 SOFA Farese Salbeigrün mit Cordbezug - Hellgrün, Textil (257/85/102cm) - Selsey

* * *

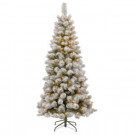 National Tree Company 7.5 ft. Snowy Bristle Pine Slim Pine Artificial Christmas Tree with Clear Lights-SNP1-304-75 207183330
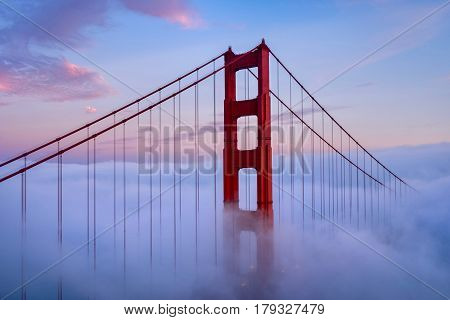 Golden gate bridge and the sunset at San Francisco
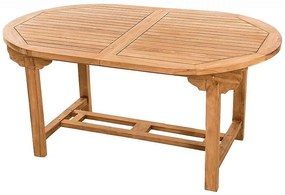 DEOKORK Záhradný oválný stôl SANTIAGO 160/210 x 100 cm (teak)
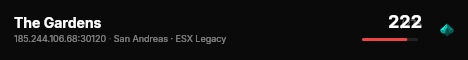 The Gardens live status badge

• [Activity]: Write out word for word the lines above that run from the one with "Golden gate bridge" to the one with "The Gardens live status badge". Include both end lines; exclude the images.

• [Exercise output]:
 Golden gate bridge and the sunset at San Francisco
 DEOKORK Záhradný oválný stôl SANTIAGO 160/210 x 100 cm (teak)
 The Gardens live status badge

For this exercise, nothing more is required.